Action item
If a line below falls between the line with "Brief der Reichskammer" and the line with "The preview card for Glorious Shoulder Pads", or is one of those two, output it exactly; output nothing else and no pictures.

Data for analysis
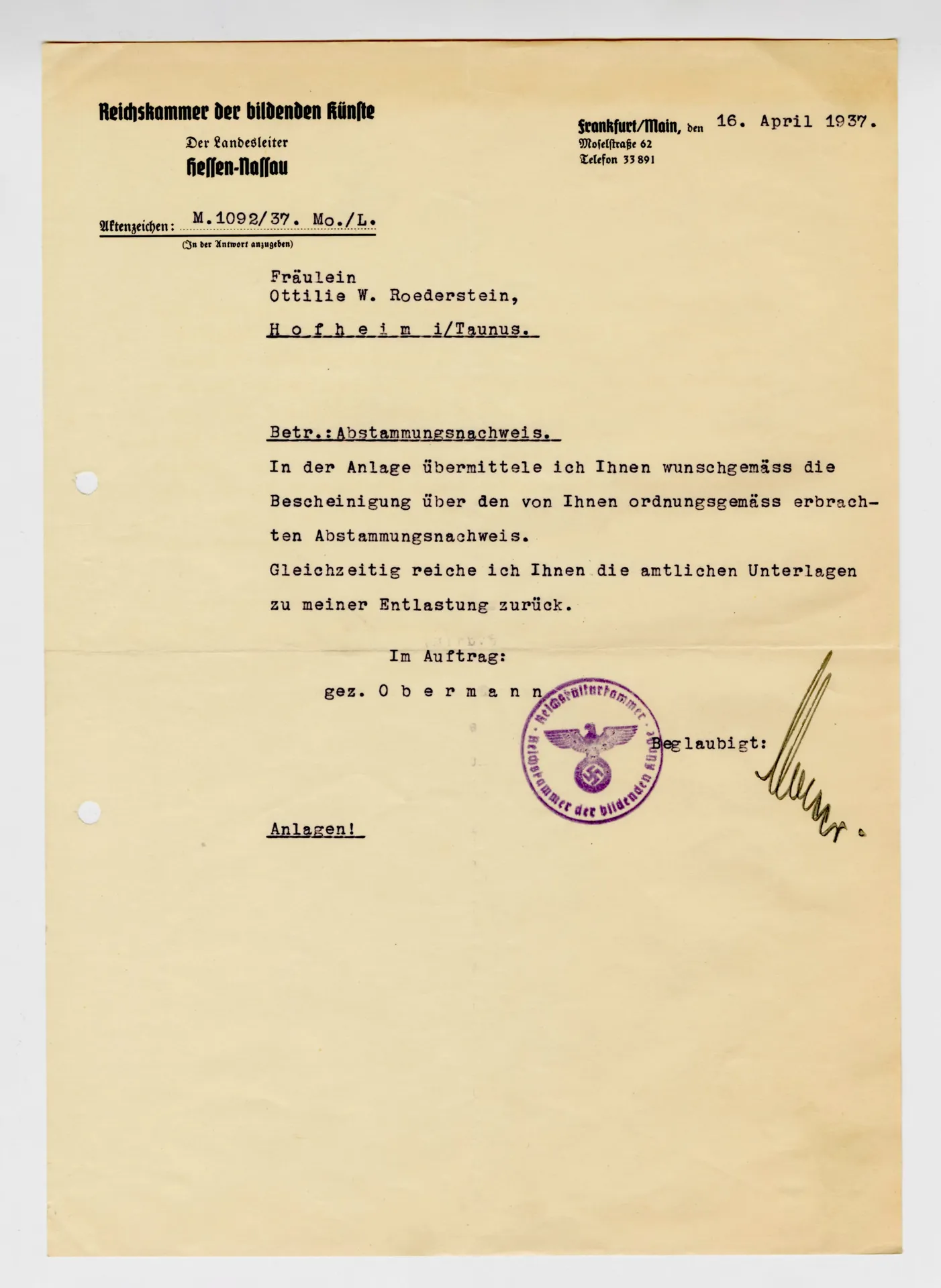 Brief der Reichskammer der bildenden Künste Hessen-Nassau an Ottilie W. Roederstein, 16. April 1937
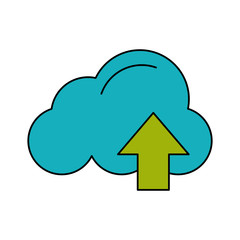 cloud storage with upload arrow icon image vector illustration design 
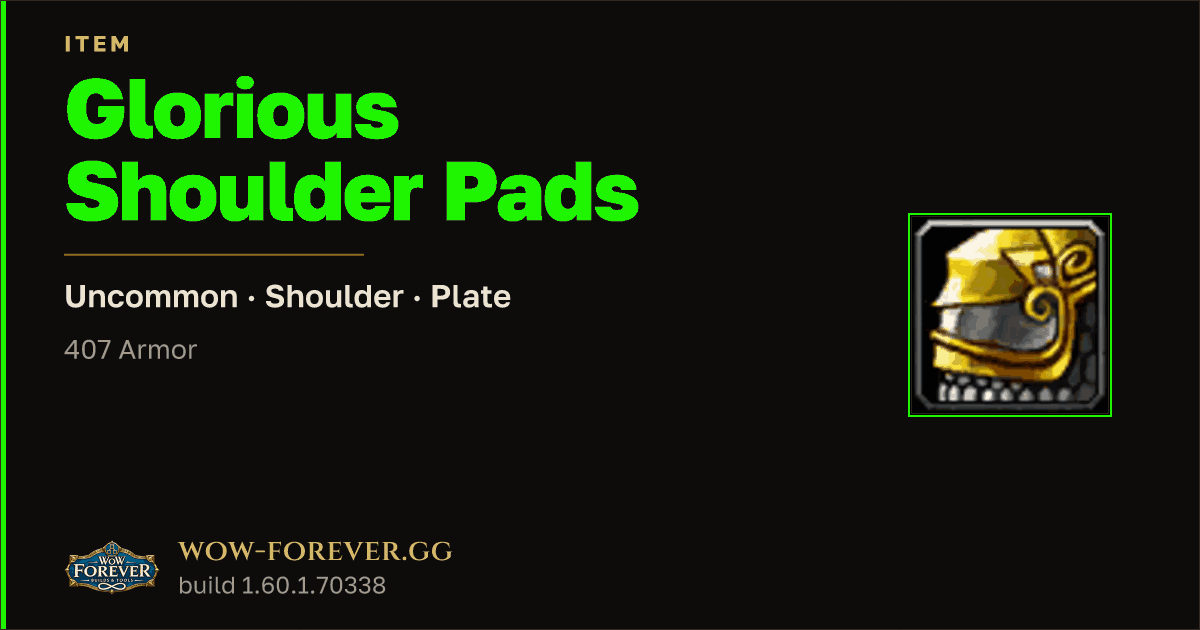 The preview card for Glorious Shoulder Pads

--

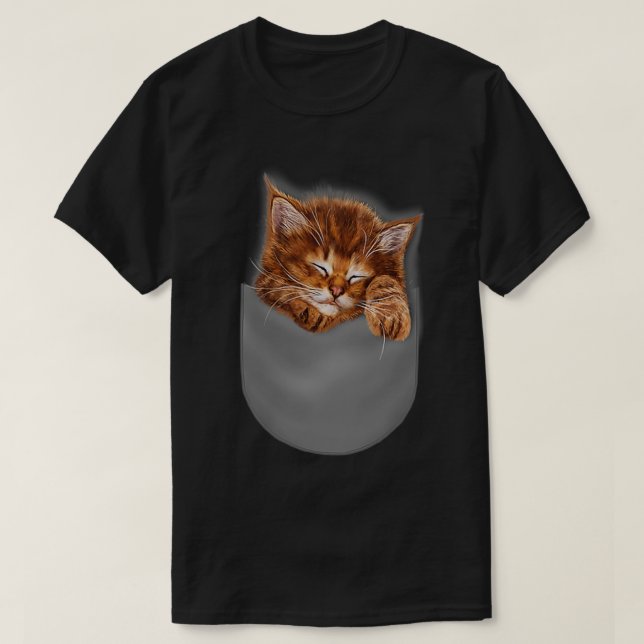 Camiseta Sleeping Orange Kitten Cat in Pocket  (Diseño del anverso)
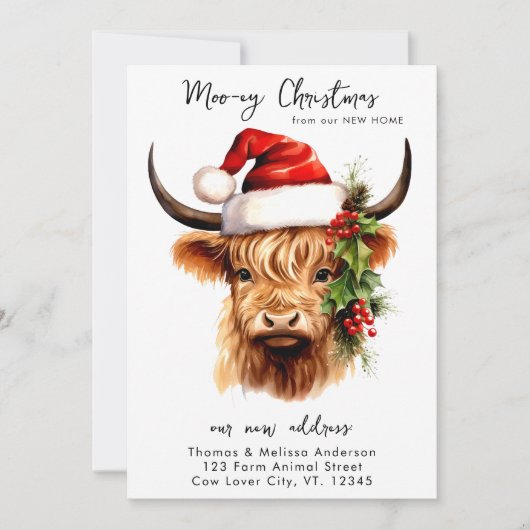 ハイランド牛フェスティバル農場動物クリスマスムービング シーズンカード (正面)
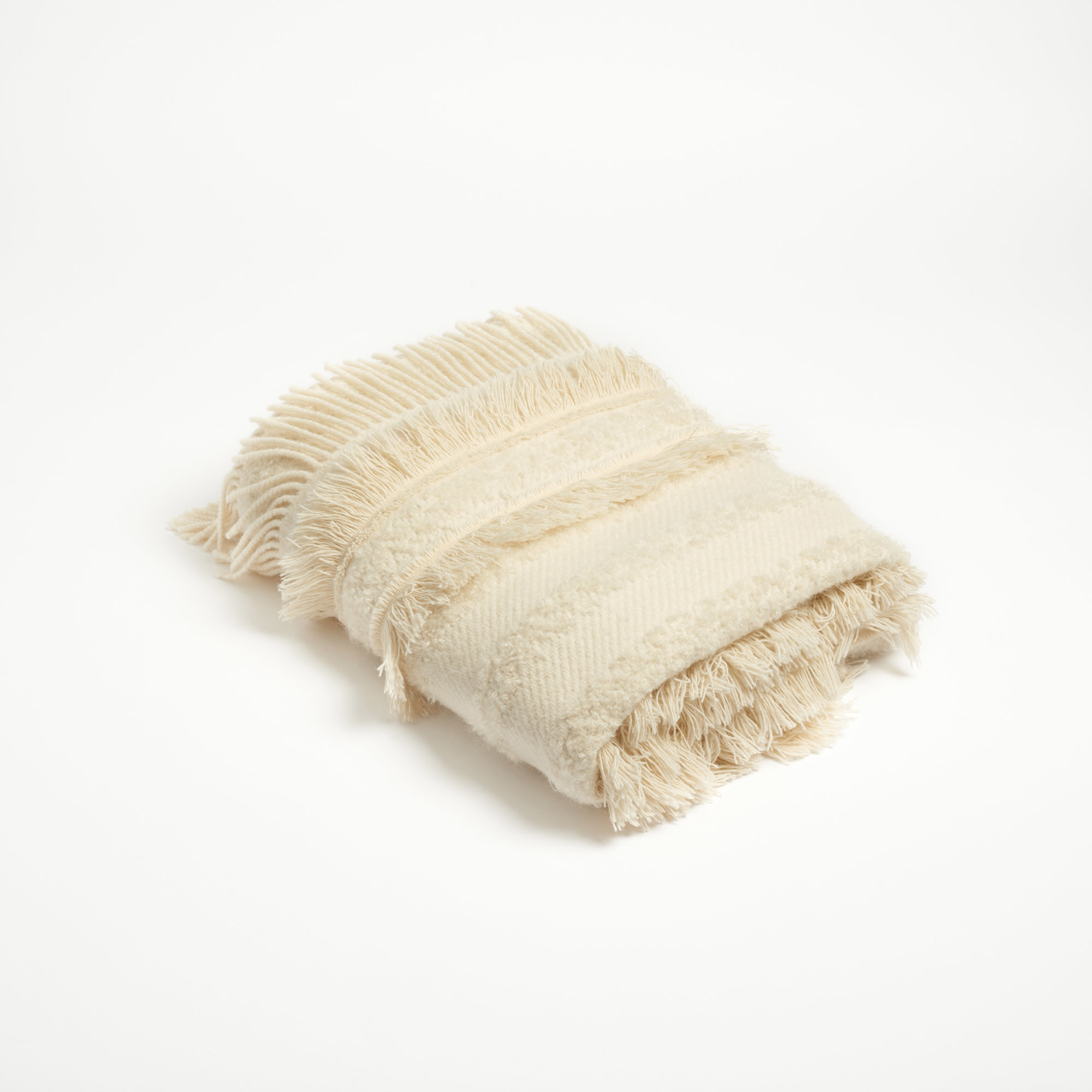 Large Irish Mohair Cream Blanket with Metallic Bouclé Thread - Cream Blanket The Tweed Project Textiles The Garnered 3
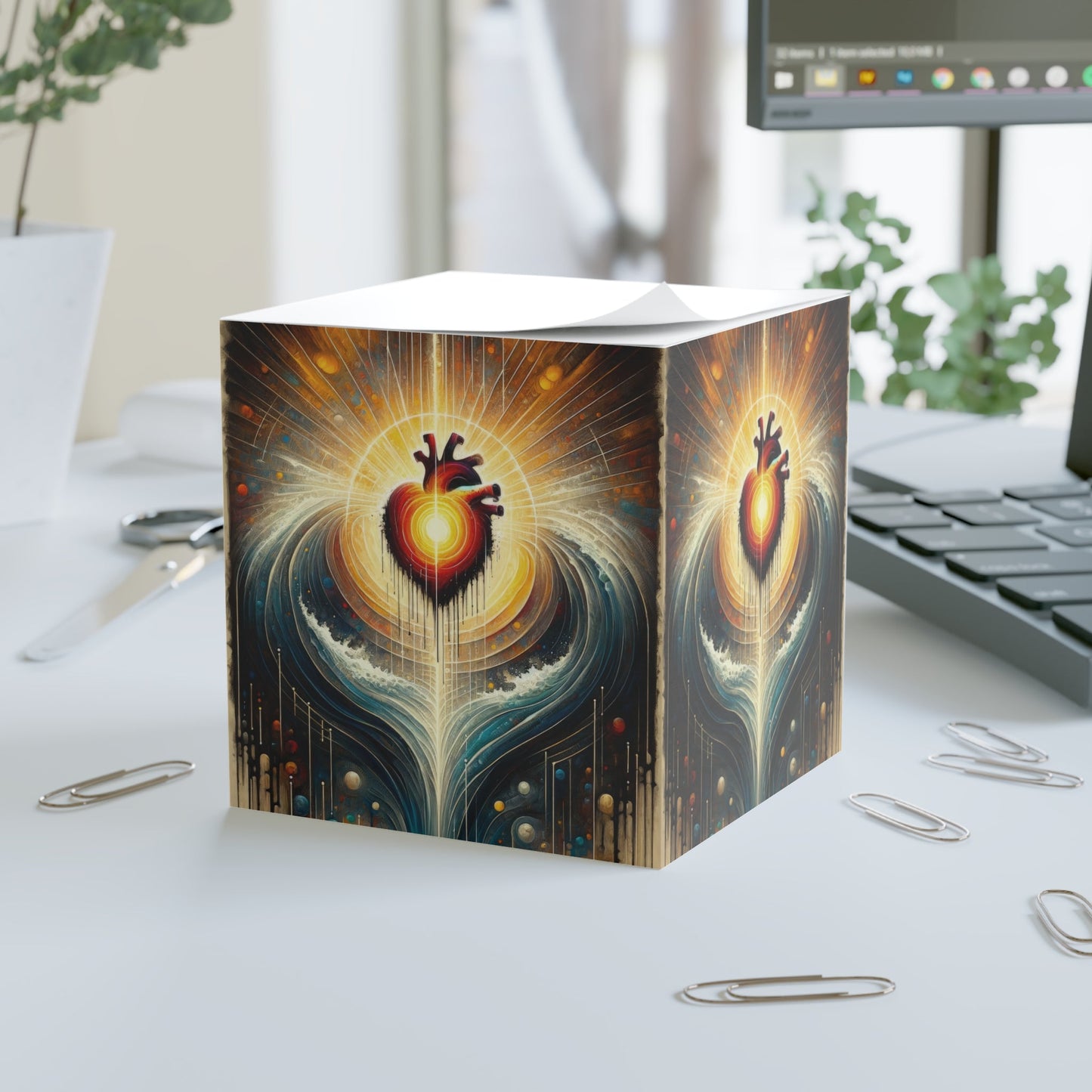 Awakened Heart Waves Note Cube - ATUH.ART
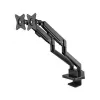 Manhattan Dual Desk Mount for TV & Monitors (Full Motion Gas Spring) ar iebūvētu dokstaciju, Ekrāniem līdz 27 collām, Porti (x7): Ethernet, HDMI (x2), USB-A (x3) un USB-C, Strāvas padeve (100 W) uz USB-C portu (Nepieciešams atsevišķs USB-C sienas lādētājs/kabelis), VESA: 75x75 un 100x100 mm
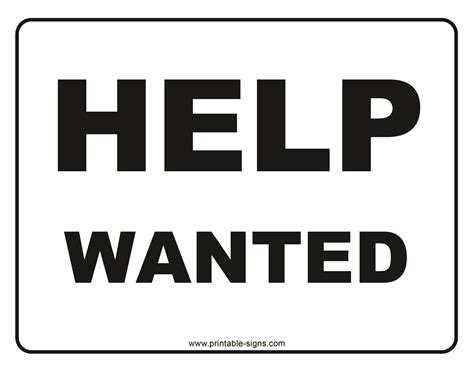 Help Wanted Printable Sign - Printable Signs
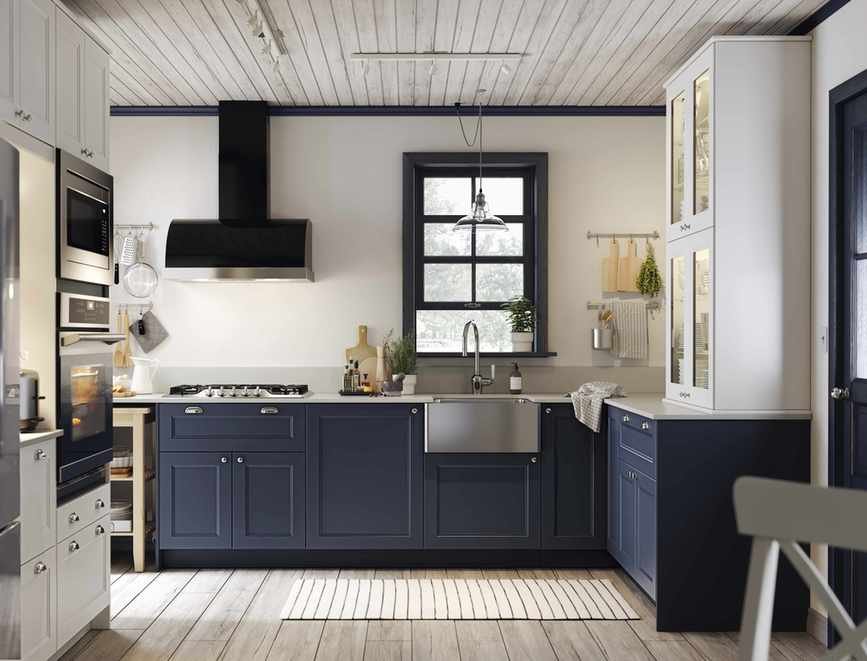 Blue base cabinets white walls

Answer to the exercise
 Brief der Reichskammer der bildenden Künste Hessen-Nassau an Ottilie W. Roederstein, 16. April 1937
 cloud storage with upload arrow icon image vector illustration design 
 The preview card for Glorious Shoulder Pads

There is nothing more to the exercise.